Paul L. Anderson, Pictorial Photography, 1917.

This provides an interesting contrast to the theory advanced by Oliver Wendell Holmes in 1859. Rather than particles that stick, Anderson promotes the idea of harmonic waves. It’s interesting, in retrospect, that both theories can be taken as correct. Except for the luminiferous ether part, of course. Unless you’re talking to a poet.

Liberal Education

Liberal Education and Photography

Anderson was of the primary instructors at the Clarence H. White School of photography (whose alumni include Paul Outerbridge, Laura Gilpin, Doris Ulmann, etc.). The pedagogical methods of this school were at the cutting edge of the early twentieth century. It’s amazing to me how close the clues I’ve found towards the attitudes of this school (heavily influenced by John Dewey) match the current attitudes towards instructional practice. Anderson’s technical lectures were published in 1917, and hidden in this book is an agenda towards learning that seems, well, new and refreshing.

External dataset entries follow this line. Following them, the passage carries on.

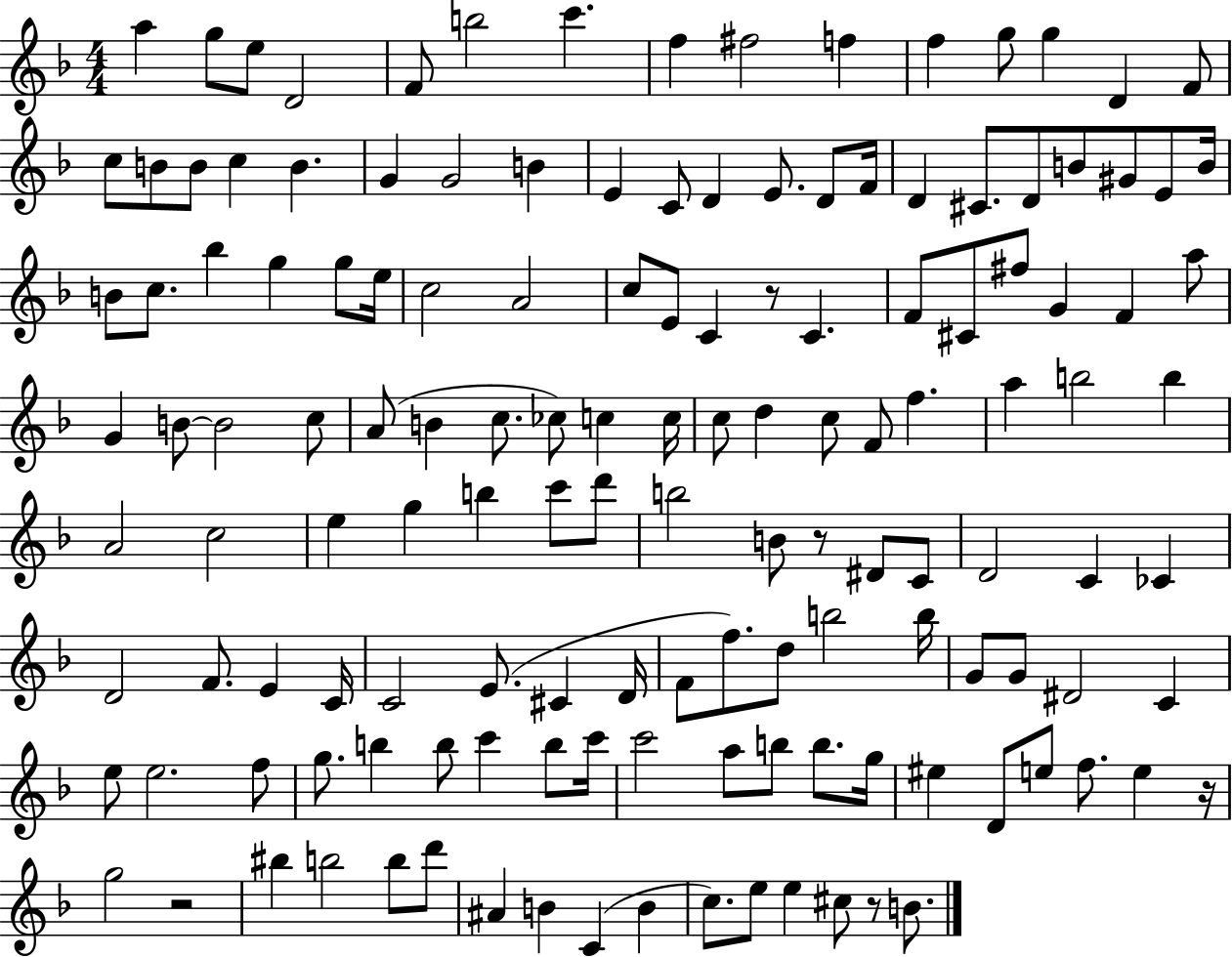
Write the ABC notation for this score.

X:1
T:Untitled
M:4/4
L:1/4
K:F
a g/2 e/2 D2 F/2 b2 c' f ^f2 f f g/2 g D F/2 c/2 B/2 B/2 c B G G2 B E C/2 D E/2 D/2 F/4 D ^C/2 D/2 B/2 ^G/2 E/2 B/4 B/2 c/2 _b g g/2 e/4 c2 A2 c/2 E/2 C z/2 C F/2 ^C/2 ^f/2 G F a/2 G B/2 B2 c/2 A/2 B c/2 _c/2 c c/4 c/2 d c/2 F/2 f a b2 b A2 c2 e g b c'/2 d'/2 b2 B/2 z/2 ^D/2 C/2 D2 C _C D2 F/2 E C/4 C2 E/2 ^C D/4 F/2 f/2 d/2 b2 b/4 G/2 G/2 ^D2 C e/2 e2 f/2 g/2 b b/2 c' b/2 c'/4 c'2 a/2 b/2 b/2 g/4 ^e D/2 e/2 f/2 e z/4 g2 z2 ^b b2 b/2 d'/2 ^A B C B c/2 e/2 e ^c/2 z/2 B/2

From the forward to Pictorial Photography: Its Principles and Practice:

In preparing the discussion of the technique of pictorial photography which is given in the following pages the author’s purpose has been to produce a book adapted to the needs of those workers, who, without wishing to undertake a study of the abstruse scientific phases of the art, nevertheless have passed beyond the elementary stages and feel a desire for pictorial expression. Every effort has been made to adapt the book to the needs of such photographers, and for that reason the author has endeavored to make clear, not only the actual technical methods, but also the fundamental principles underlying those methods, since a thorough grasp of the principles is of importance in enabling the worker to locate and correct his mistakes and also to study and to grow in power of expression, which is almost impossible when his knowledge is simply a matter of remembering certain arbitrary facts.

The book was one of a series of “practical books,” but Anderson’s foreword makes it clear that he is not talking about strictly theory, but what is labeled in modern educational circles (at least in rhetoric) as praxis—theoretically informed practice. Other books in the series (which I have not examined) include The Practical Book of Early American Arts and Crafts, The Practical Book of Architecture, The Practical Book of Interior Decoration, The Practical Book of Period Furniture— the picture should be fairly clear. Even historical topics are taken as matters of practical importance.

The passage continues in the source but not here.